Scraped caption text data:
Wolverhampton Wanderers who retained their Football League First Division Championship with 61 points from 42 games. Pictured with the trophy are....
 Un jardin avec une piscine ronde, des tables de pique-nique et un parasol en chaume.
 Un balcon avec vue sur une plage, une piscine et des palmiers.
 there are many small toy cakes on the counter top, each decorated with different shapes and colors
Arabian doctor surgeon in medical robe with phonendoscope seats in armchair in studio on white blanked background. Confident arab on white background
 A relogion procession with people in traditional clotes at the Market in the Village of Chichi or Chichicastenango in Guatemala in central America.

# Task instructions
Look for the word "piscine" in the data, then return every line that contains it.

# Answer for the task
 Un jardin avec une piscine ronde, des tables de pique-nique et un parasol en chaume.
 Un balcon avec vue sur une plage, une piscine et des palmiers.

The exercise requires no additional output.